Kerala's $65 billion Vizhinjam port: Fishermen, environmentalists rue loss of job, ecology
Activists and environmentalists claim that construction of the $65 billion Vizhinjam international seaport is affecting the livelihood of local fishermen as well as causing irreversible damage to coastal flora and fauna
Suresh Robert, a 33-year-old fisherman in Poonthura fishing village in the south Indian state of Kerala, is disappointed and agitated. Suresh, who started fishing in deep sea at the age of 10, is not optimistic these days. Depleting fish catch, loss of livelihood and the shore — where he used to play and spend time with his friends — is disturbing him.

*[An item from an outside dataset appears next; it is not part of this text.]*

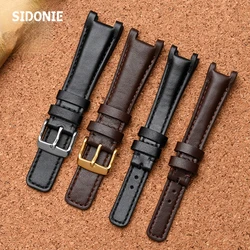 Concave Leather Watch Band for Gucci 1332 1333 1335 Series Gucci Men and Women 16mm 20mm 22mm Watch Strap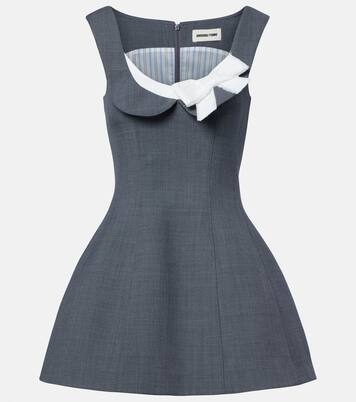 Minikleid aus Twill | Shushu/Tong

"Already, we were suffering from all kinds of construction activities done in the past along the coast. Now, the construction of Vizhinjam International Seaport Limited Project is going to finish off whatever is left," Suresh said.
Some 10 kilometre from his home, the Kerala government is building the $65 billion international sea port with the Adani group as its private partner. Launched on 5 December, 2015, the project is supposed to be completed by 4 December, 2019.

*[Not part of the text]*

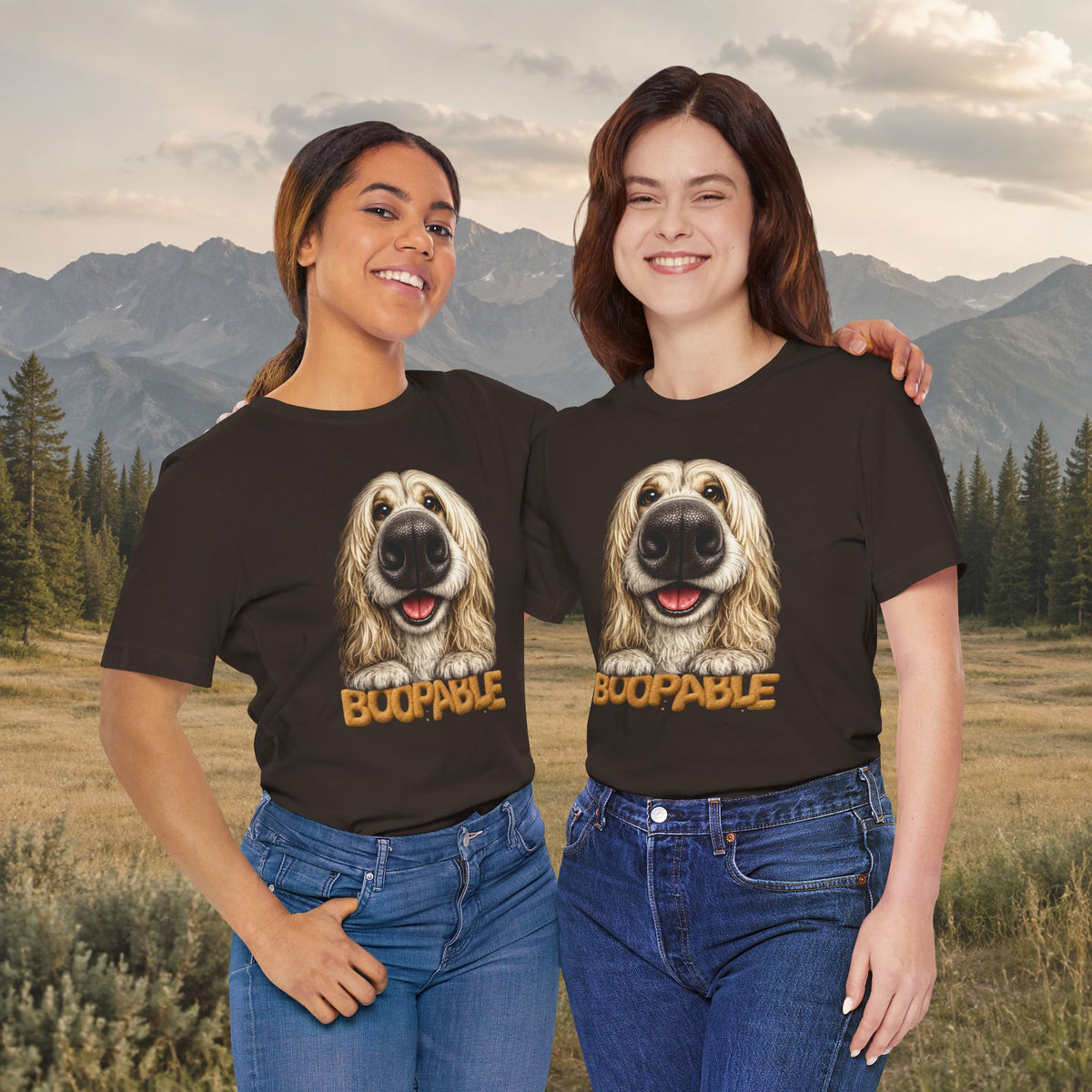 Boopable Afghan Hound T Shirt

In Suresh’s Poonthura village, around 500 workers involved in net casting and some 1,000 fishermen who go for deep sea fishing, claim to have been directly affected by the project.
S Michael, a fisherman and activist, is one of the petitioners who have filed a case against the construction of Vizhinjam port in the Supreme Court. Michael says he is clueless on what has to be done now.
"When the government acquired around 93 hectares of land in Vizhinjam, they paid compensation for the affected people. But, the government forgot about us saying that we don’t fall under the project impact area," Michael said.
V Raju, a fisherman for the last four decades, also said how they are struggling due to coast erosion.
“Years ago, a 500-metre-long breakwater was built for a fishing harbour. That itself has resulted in coast erosion. I started fishing from Poonthura, but now, I have to transport my boat to other areas to go fishing because we don’t have a coast here," Raju added.
Each and every fisherman in Poonthura claims to be spending more than Rs 30,000 every month in transporting their boats and equipment to other areas, as the sea has consumed their coast, thanks to the port project.
Joseph Vijayan, a social worker and another petitioner in the Supreme Court against the project, says that livelihood of the fishermen is at stake and irreversible ecological damage is being caused due to the project.
"The football ground I used to play on the coast is now underwater. So, just imagine how much damage Vizhinjam International Port construction will cause," says Jospeh.
For the Vizhinjam project, the breakwater to be constructed is 3.8-kilometre long. What this means, explains Joseph is that "at least 15-kilometre-long coast and more than 30,000 people will be affected when the Vizhinjam project is completed."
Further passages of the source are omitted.